The role of the tissue mast cells in relation to the acute inflammatory reaction to experimental cutaneous mucormycosis was studied histologically in normal rats, in animals whose tissue mast cells had been depleted of their cytoplasmic granules prior to infection by the administration of compound 48/80 and in others in whom acute alloxan diabetes with acidosis had been produced before injection of the fungus.

The discharge of the tissue mast cell granules in normal rats occurred within minutes at the site of infection and appeared to initiate the rapid onset of acute inflammation. The degranulation of the tissue mast cells subsided in a short time and the cells reassumed a normal histologic appearance while inflammation progressed with the formation of circumscribed lesions. In animals pretreated with compound 48/80 in which the tissue mast cells contained no granules, the onset of inflammation was briefly delayed, the intensity of the process was somewhat decreased, fibroblastic proliferation was retarded, and the fungus growth in the early lesions was increased. However, the infection did not spread and the lesions were well localized. The tissue mast cells in the diabetic and acidotic rats completely failed to discharge their cytoplasmic granules, the onset and intensity of the acute inflammatory response were markedly delayed and decreased and the infection progressed rapidly with massive fungus growth invading adjacent tissues. A relationship between the discharged tissue mast cell granules and eosinophilic granulocytes was noted since the latter were numerous among the inflammatory cell exudate in normal rats and scarce in the lesions of the diabetic animals.
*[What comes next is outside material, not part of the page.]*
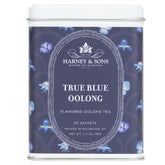Harney & Sons tin front showing True Blue Oolong and packaging benefit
It is concluded that a function of the tissue mast cells in the normal rat is the rapid initiation of acute inflammation at the site of injury and that degranulation of these cells prior to infection somewhat delays the inflammatory response and therefore slightly diminishes host resistance. Furthermore, a severe metabolic disorder such as acute alloxan diabetes with acidosis, inhibits the normal function of the tissue mast cells, delays and decreases inflammation, and in this manner contributes to the greatly increased susceptibility of the host to infection.